__EXERCISE DIRECTIONS__: In the entries below, find the line containing "Back view of". Write out that line and all lines after it, exactly, and nothing else.

[Records contained in a dataset]
=== Begin Enclosure ===

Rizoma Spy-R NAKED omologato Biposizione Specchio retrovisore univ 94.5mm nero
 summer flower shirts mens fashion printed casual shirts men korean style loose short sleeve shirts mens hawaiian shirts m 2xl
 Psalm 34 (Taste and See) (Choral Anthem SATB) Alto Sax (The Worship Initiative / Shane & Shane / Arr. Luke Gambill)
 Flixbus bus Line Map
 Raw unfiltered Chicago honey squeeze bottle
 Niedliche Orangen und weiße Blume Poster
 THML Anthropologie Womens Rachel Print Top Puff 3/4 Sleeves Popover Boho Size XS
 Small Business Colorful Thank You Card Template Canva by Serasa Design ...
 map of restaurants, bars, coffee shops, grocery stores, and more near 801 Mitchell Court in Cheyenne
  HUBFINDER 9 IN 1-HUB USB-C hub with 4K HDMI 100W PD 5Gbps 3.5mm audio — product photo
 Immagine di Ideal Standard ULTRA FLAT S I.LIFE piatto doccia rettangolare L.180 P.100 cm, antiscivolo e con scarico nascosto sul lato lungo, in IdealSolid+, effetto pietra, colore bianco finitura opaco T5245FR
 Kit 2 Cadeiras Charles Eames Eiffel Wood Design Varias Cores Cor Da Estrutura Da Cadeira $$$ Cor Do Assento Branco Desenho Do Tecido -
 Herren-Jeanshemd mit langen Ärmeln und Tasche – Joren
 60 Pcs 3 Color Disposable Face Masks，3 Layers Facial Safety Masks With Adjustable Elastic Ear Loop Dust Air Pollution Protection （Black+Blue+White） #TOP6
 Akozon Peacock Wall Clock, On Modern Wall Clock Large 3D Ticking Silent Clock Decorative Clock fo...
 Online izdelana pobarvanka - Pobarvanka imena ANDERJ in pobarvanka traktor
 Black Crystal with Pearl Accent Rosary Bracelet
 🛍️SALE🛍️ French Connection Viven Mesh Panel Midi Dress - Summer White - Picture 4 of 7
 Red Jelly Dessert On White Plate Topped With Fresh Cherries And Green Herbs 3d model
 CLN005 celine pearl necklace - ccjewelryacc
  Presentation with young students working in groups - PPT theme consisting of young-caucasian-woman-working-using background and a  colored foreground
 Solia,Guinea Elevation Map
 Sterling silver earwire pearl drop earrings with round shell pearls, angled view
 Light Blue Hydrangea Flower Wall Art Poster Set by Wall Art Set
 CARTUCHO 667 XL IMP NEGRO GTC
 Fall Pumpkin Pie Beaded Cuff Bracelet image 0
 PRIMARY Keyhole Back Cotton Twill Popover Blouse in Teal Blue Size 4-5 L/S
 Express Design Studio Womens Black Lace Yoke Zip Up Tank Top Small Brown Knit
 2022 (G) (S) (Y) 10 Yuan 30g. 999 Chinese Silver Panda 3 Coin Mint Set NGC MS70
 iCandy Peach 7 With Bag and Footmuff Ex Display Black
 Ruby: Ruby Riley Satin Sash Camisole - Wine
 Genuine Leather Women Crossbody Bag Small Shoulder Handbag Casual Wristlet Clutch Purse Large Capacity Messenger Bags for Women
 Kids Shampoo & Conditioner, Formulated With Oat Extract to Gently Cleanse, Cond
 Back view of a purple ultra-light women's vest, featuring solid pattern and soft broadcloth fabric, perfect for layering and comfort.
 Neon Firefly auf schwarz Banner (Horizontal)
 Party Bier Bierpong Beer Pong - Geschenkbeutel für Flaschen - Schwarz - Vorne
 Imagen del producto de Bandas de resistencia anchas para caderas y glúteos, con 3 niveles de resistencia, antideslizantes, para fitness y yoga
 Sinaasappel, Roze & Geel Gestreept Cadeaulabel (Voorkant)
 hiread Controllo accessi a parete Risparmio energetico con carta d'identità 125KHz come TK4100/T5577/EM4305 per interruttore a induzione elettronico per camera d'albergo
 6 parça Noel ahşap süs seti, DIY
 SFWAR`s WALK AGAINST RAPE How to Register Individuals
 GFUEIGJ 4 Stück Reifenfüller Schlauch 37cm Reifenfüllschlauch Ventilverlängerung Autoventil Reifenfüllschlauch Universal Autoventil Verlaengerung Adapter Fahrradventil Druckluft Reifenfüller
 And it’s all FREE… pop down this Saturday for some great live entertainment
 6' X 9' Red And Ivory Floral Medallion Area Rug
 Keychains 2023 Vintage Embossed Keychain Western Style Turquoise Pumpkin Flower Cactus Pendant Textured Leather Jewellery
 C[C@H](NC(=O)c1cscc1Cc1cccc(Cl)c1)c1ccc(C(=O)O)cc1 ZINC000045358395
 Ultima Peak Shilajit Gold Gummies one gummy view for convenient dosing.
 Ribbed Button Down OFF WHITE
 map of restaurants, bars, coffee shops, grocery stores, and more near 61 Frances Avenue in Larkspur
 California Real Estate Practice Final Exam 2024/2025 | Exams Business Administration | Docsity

=== End Enclosure ===

__TASK ANSWER__:
 Back view of a purple ultra-light women's vest, featuring solid pattern and soft broadcloth fabric, perfect for layering and comfort.
 Neon Firefly auf schwarz Banner (Horizontal)
 Party Bier Bierpong Beer Pong - Geschenkbeutel für Flaschen - Schwarz - Vorne
 Imagen del producto de Bandas de resistencia anchas para caderas y glúteos, con 3 niveles de resistencia, antideslizantes, para fitness y yoga
 Sinaasappel, Roze & Geel Gestreept Cadeaulabel (Voorkant)
 hiread Controllo accessi a parete Risparmio energetico con carta d'identità 125KHz come TK4100/T5577/EM4305 per interruttore a induzione elettronico per camera d'albergo
 6 parça Noel ahşap süs seti, DIY
 SFWAR`s WALK AGAINST RAPE How to Register Individuals
 GFUEIGJ 4 Stück Reifenfüller Schlauch 37cm Reifenfüllschlauch Ventilverlängerung Autoventil Reifenfüllschlauch Universal Autoventil Verlaengerung Adapter Fahrradventil Druckluft Reifenfüller
 And it’s all FREE… pop down this Saturday for some great live entertainment
 6' X 9' Red And Ivory Floral Medallion Area Rug
 Keychains 2023 Vintage Embossed Keychain Western Style Turquoise Pumpkin Flower Cactus Pendant Textured Leather Jewellery
 C[C@H](NC(=O)c1cscc1Cc1cccc(Cl)c1)c1ccc(C(=O)O)cc1 ZINC000045358395
 Ultima Peak Shilajit Gold Gummies one gummy view for convenient dosing.
 Ribbed Button Down OFF WHITE
 map of restaurants, bars, coffee shops, grocery stores, and more near 61 Frances Avenue in Larkspur
 California Real Estate Practice Final Exam 2024/2025 | Exams Business Administration | Docsity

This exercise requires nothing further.